# FS: Jupiter 871 - Cereal Mill NEW



## DCinDC (Apr 4, 2009)

For sale is a Jupiter 871 cereal mill. It is new in the box and complete.

This is NOT for corn meal, maize etc. 
It is a stone mill for grinding to cereal, not really fine flour.

These cost $350 new. I only want $75 including shipping to the lower 48.

This will be shipped inside another box.


----------



## DCinDC (Apr 4, 2009)

Make an offer


----------



## simi-steading (Sep 27, 2012)

hhhmm.. is this the Dave I know from AK?

This is a heck of a deal.. Shame I can't use it... I need a corn cracker...


----------



## DCinDC (Apr 4, 2009)

yep
Hi brother!
How the stead?


----------



## simi-steading (Sep 27, 2012)

WOW.. I had no idea you were a member here... Been doing pretty good.... 

Ya know... people may call it home steading, I just call it living a harder life... I've never worked so hard in my life to make things happen... 

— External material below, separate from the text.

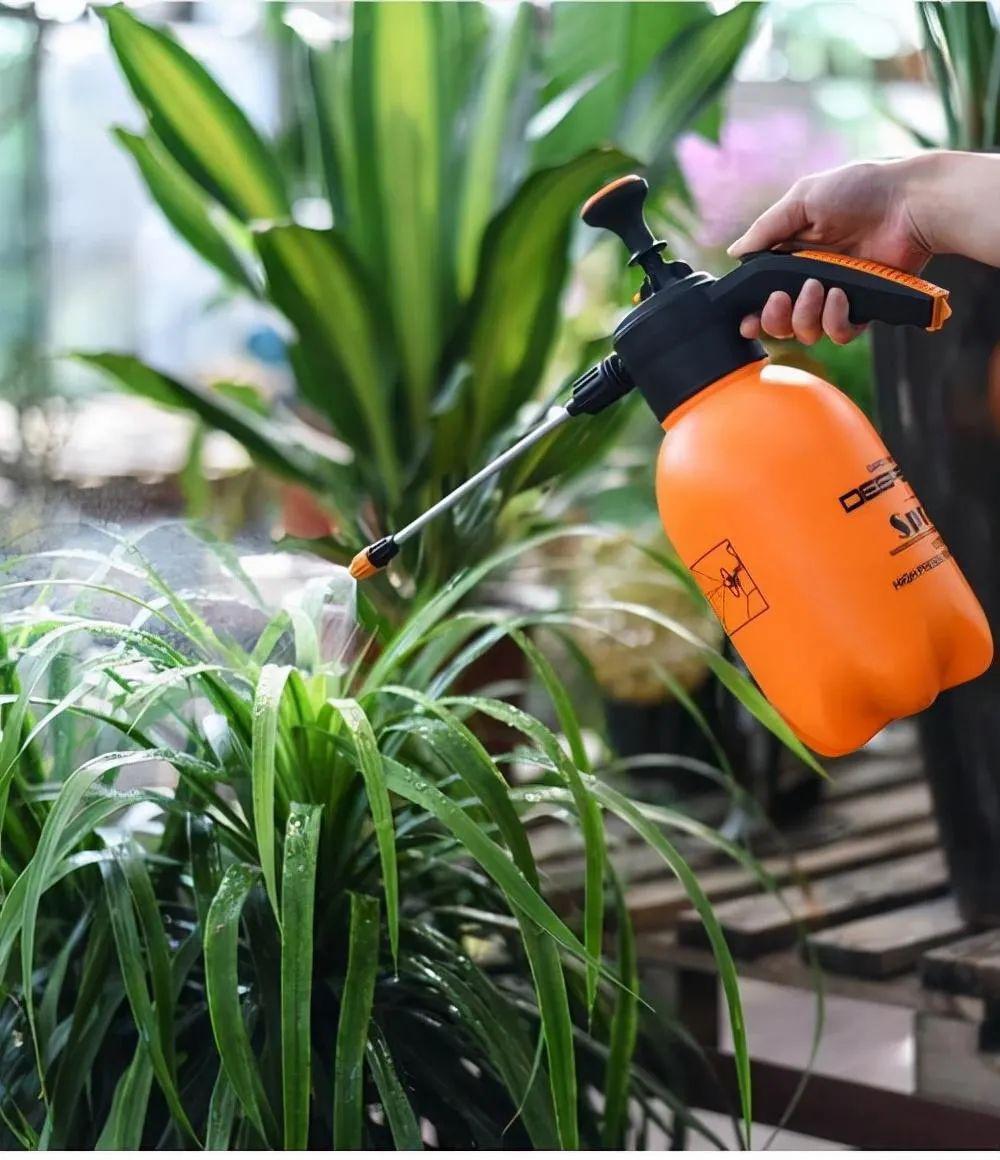 冬季花草养护:5种水千万别乱浇 在寒冷的冬季里,给花草浇水是一项需要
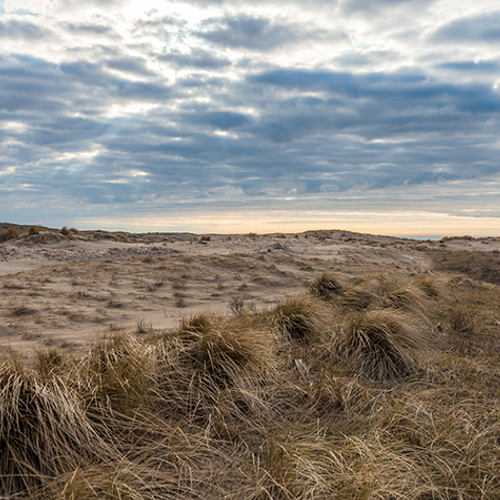 Hollandse Duinen telt de meeste soorten van Nederland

Marcia keeps saying we were stupid for giving up the money and security in DC... but then again, she's still stuck in the Corp. world doing the same thing for half the money... I feel bad for her... 

How's life treating you? You still plugging away, or you trying to make the escape too?


----------



## DCinDC (Apr 4, 2009)

I can't escape. But I'm working on her. I think she'll need something within her immediate sphere to push her to escape. But I don't have the backbone to do what you've done. I live vicariously through you. Meanwhile I read and try to gain skills I should've been taught in my youth. At least I finally figured out that I can't do everything, and will barter my skills for others skills. I also can't do it alone. Building community where I can.

I watch so called reality shows and try to show my circle just how hard a life it can be, just providing for yourself from the land without all the urban support structures. They mostly say "but we have grocery stores and gas stations". I say what if they were gone?
I fear for when we don't.

But in the meantime I just try to muddle thru. 

How's our brother in MD doing? I think of him often with respect.


----------



## simi-steading (Sep 27, 2012)

Um.. which brother? Scott or Charles? As far as I know, both are doing fine... I call and talk with them every now and then... I do need call both soon... 

Speaking of calling, I just tried giving you a call.. I left you my home number... You can use it 

I understand where you're at... I really enjoy the life out here, but man is it a drain on bank accounts. When someone tells you it's cheap to live somewhere, don't ever believe them... One thing my be cheaper, but as a whole, it all evens out.

You've got some real skills... so yeah you gotta use what you can. and trade. I try not to have to trade out work, but I have been trading with a neighbor. We both got a lot going on, and many times, even if you have the skills, doesn't mean it's a one person job.


Someone needs to jump on this mill... you got a nice deal on it... I wish you had a sausage stuffer for sale too.. I'd be all over that... My grinder does the job.. but not as well..


----------



## DCinDC (Apr 4, 2009)

Talking about Scott.

I was outside for a minute. Saved your number. I'll ring ya later.

I'm not trading much at the moment but I am setting myself up as "the fixer" when it will be needed.

Speaking of trades, I'm open to trades for this mill. 

I could use a sausage stuffer too. My wife talks about pawpaw's sausage all the time. I need to recreate the recipe.
Cheers!


----------



## simi-steading (Sep 27, 2012)

I just left Scott a VM yesterday. I've been trying to get him to make a trip back out here again so we can do some shooting.. and give him a break from the real world.. He's been out here quite a few times. BTW, You're welcome to come visit any time too.. 

I had quite a bit of sausage last winter. We're just using up the last of it now... I need to get the rest of the meat I have in the freezer from last year's deers and hog cleaned up for this winters new meat... I even built an experimental smoke house last winter to make summer sausage, and WOW was it great... Notice I say WAS.. 

I told my wife I think I'm going to have to start selling my albums so I can fund some of my projects we need to get done... Heck, even at about $3 each average an LP, I figure I got 10K worth.. but we both know how much work it is to sell them one at a time for maximum profit 

If something doesn't happen soon, looks like I"ll be looking for a full time job... I just couldn't get my building and sawmill built fast enough to start making an income...


----------



## DCinDC (Apr 4, 2009)

this is sold


----------